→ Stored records
::::

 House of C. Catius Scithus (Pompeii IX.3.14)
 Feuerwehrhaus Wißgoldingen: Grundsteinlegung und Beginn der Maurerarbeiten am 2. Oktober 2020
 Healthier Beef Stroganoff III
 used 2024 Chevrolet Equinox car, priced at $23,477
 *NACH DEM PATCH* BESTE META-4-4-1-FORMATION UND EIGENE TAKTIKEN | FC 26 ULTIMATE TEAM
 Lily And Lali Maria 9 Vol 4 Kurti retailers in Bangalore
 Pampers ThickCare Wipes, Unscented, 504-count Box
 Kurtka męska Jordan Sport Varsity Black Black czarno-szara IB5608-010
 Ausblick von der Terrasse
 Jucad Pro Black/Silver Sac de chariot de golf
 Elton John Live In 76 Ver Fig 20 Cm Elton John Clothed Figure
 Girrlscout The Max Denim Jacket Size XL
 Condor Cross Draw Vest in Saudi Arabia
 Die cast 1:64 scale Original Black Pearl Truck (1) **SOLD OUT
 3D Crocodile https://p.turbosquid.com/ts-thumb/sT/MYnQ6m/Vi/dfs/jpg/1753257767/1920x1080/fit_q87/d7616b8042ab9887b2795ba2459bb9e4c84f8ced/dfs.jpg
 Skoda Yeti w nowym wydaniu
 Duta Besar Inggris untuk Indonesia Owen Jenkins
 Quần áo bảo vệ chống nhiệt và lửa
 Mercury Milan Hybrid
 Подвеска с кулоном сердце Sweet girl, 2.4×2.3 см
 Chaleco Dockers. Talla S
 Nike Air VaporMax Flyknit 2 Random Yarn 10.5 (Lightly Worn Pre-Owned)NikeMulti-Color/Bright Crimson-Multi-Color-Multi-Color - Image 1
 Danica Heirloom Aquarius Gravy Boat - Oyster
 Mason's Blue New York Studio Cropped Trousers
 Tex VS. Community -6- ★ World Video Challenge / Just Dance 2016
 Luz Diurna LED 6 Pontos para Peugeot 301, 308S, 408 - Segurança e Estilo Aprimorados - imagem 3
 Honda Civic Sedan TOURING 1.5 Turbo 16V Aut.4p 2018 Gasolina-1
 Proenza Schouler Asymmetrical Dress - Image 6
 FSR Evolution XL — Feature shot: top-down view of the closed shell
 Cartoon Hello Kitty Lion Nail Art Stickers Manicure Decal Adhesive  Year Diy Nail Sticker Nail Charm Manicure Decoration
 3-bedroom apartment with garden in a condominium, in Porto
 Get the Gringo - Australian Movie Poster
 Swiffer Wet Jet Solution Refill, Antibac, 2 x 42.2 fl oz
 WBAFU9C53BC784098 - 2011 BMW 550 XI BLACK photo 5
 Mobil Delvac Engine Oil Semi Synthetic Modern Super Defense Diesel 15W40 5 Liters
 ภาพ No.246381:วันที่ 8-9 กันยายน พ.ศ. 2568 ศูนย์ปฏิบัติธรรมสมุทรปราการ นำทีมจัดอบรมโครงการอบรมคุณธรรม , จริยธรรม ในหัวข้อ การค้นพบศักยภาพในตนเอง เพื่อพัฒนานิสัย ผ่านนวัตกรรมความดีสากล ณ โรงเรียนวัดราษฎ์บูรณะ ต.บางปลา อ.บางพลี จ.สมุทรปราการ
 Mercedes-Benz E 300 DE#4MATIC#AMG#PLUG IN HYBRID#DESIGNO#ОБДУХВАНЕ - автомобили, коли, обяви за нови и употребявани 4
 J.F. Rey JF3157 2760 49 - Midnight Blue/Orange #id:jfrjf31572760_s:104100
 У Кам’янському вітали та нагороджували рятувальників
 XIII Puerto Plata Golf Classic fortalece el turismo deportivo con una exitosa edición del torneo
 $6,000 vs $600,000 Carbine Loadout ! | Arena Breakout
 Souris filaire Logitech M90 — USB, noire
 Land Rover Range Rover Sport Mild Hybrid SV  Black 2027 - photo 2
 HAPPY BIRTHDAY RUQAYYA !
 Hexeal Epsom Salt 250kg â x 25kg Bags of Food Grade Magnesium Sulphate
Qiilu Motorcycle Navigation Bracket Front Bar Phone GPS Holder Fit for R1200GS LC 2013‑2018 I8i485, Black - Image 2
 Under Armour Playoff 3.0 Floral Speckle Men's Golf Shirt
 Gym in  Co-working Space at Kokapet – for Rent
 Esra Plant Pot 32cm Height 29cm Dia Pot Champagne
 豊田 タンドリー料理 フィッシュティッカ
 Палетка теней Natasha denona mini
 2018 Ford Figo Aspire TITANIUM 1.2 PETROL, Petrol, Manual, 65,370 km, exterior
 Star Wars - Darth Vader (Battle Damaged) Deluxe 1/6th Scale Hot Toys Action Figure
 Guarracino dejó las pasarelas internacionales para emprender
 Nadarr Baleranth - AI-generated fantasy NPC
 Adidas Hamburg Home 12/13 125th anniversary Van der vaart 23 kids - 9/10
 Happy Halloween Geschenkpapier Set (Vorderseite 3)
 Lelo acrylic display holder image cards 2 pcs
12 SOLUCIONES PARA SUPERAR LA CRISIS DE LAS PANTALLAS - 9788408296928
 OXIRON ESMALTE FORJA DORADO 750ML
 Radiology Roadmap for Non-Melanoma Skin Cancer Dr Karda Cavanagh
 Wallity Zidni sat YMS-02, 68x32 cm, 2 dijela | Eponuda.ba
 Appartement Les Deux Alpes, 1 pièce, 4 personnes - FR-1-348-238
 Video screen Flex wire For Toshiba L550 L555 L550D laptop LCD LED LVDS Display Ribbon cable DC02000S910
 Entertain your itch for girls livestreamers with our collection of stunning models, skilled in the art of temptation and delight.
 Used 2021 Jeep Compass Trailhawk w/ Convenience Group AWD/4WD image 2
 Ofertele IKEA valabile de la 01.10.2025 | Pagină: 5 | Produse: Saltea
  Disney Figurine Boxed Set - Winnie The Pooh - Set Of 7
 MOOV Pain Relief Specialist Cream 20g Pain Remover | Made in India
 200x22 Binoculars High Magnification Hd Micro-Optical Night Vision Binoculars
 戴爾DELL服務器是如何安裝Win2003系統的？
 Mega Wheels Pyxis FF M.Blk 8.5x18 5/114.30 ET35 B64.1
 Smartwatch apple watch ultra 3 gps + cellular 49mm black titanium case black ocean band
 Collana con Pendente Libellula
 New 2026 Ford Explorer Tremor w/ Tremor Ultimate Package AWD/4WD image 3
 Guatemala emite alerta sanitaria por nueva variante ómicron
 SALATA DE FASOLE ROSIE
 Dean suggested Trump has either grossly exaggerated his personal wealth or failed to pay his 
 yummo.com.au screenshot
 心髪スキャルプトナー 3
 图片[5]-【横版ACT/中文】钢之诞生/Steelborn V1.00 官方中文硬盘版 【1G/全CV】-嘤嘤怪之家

::::

→ ABOUT THIS EXERCISE
Each line of the records above, from the first through the one containing "Skoda Yeti w nowym wydaniu", is to be retyped exactly; no other line belongs.

→ REPLY
 House of C. Catius Scithus (Pompeii IX.3.14)
 Feuerwehrhaus Wißgoldingen: Grundsteinlegung und Beginn der Maurerarbeiten am 2. Oktober 2020
 Healthier Beef Stroganoff III
 used 2024 Chevrolet Equinox car, priced at $23,477
 *NACH DEM PATCH* BESTE META-4-4-1-FORMATION UND EIGENE TAKTIKEN | FC 26 ULTIMATE TEAM
 Lily And Lali Maria 9 Vol 4 Kurti retailers in Bangalore
 Pampers ThickCare Wipes, Unscented, 504-count Box
 Kurtka męska Jordan Sport Varsity Black Black czarno-szara IB5608-010
 Ausblick von der Terrasse
 Jucad Pro Black/Silver Sac de chariot de golf
 Elton John Live In 76 Ver Fig 20 Cm Elton John Clothed Figure
 Girrlscout The Max Denim Jacket Size XL
 Condor Cross Draw Vest in Saudi Arabia
 Die cast 1:64 scale Original Black Pearl Truck (1) **SOLD OUT
 3D Crocodile https://p.turbosquid.com/ts-thumb/sT/MYnQ6m/Vi/dfs/jpg/1753257767/1920x1080/fit_q87/d7616b8042ab9887b2795ba2459bb9e4c84f8ced/dfs.jpg
 Skoda Yeti w nowym wydaniu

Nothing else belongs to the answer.